BADUNG, Balipolitika.com- Tata ulang distribusi LPG atau elpiji 3 kg bertujuan semata-mata agar subsidi pemerintah lebih tepat sasaran.
Menurut Menteri Sekretaris Negara (Mensesneg) Prasetyo Hadi langkah ini perlu dilakukan supaya yang membeli elpiji 3 kg adalah pihak yang berhak menerima subsidi pemerintah.
Prasetyo Hadi menegaskan tata ulang distribusi elpiji 3 kg tidak untuk mempersulit masyarakat kecil.
Terpisah, Menteri ESDM Bahlil Lahadalia menekankan bahwa selain memperbaiki tata kelola penyediaan elpiji 3 kg, pemerintah pusat juga sedang memerangi oknum pengecer yang menaikkan harga gas.
Tegas Bahlil Lahadalia harga elpiji per kg adalah Rp4.000 lebih hingga Rp6.000 sehingga jika dikalikan 3 paling mahal senilai Rp18.000.

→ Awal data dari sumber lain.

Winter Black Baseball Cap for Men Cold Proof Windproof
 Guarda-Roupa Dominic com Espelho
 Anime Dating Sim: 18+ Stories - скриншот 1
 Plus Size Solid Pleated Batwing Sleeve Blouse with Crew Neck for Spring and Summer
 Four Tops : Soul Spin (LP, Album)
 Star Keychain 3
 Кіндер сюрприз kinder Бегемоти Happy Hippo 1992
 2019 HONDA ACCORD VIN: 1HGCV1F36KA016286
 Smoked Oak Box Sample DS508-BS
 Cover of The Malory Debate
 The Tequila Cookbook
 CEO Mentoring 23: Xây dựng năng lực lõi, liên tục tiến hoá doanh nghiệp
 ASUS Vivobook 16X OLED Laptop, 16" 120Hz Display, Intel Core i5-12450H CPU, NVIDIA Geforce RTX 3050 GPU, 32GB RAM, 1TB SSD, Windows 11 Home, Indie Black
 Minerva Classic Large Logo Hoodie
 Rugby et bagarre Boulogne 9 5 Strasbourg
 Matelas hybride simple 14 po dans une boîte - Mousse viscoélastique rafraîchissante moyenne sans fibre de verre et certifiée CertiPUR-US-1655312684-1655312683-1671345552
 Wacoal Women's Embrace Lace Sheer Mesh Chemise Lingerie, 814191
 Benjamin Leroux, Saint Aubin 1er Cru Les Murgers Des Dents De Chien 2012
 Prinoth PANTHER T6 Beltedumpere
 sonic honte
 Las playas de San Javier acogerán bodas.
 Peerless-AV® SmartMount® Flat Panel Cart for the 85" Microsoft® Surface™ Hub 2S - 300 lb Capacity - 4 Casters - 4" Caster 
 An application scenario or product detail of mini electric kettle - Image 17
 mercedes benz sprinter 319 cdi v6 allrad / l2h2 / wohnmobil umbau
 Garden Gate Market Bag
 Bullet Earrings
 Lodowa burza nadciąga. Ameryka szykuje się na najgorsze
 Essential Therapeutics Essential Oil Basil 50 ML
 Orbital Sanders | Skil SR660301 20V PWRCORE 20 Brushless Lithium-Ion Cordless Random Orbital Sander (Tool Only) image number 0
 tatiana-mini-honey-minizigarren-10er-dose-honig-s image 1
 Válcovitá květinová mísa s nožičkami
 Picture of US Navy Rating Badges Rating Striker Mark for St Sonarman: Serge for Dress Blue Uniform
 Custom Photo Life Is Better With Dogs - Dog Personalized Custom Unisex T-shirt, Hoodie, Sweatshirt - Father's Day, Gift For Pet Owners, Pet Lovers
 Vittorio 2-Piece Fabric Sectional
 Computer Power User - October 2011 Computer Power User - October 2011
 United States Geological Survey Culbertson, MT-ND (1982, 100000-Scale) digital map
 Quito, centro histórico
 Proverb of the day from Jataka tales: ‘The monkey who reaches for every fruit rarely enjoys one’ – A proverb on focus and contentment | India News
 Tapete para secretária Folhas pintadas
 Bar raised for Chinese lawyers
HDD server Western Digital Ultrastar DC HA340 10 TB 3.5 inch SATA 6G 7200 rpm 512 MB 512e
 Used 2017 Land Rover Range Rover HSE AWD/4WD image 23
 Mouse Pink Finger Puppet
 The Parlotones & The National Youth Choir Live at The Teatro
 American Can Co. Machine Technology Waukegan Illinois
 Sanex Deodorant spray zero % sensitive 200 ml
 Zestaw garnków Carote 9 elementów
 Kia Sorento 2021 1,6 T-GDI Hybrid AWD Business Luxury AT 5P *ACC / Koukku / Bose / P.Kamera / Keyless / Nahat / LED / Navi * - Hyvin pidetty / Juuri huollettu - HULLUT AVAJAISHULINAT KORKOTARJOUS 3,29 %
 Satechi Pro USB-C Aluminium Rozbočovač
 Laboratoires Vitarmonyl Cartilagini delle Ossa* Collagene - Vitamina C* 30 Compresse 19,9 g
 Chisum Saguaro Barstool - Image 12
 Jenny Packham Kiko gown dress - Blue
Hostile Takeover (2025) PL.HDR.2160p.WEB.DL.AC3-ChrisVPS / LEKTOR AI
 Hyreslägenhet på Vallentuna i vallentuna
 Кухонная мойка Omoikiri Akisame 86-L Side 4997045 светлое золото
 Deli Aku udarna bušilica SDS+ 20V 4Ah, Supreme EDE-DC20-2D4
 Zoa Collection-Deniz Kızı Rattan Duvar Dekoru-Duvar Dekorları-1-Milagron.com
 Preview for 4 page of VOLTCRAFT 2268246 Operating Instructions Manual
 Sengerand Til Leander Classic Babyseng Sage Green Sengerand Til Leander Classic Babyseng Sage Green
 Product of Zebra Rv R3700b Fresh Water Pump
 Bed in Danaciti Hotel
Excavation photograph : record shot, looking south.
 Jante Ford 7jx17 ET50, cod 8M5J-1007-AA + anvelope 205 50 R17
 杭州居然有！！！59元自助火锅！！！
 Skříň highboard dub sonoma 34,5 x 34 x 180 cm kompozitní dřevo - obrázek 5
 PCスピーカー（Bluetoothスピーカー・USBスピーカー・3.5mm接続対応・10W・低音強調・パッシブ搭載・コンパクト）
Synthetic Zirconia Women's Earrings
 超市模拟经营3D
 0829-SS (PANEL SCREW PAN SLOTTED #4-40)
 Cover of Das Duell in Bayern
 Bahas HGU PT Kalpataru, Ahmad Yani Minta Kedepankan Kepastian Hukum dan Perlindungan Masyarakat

Sayangnya, di satu sisi bertujuan baik agar subsidi tepat sasaran, di sisi lain kebijakan pelarangan pengecer menjual elpiji 3 kg mulai 1 Februari 2025 membuat masyarakat Indonesia, khususnya warga Bali kalang kabut lantaran tidak mengetahui di mana bisa membeli barang kebutuhan pokok ini.
Merespons situasi ini, Ketua Komisi II DPRD Badung, I Made Sada, A.Md.Par., S.H. mengaku akan segera menghubungi Dinas Koperasi, UMKM, dan Perdagangan (DiskopUKMP) dan Pertamina khususnya terkait pangkalan-pangkalan resmi di Badung yang bisa melayani konsumen pasca pelarangan pengecer menjual elpiji 3 kg mulai 1 Februari 2025.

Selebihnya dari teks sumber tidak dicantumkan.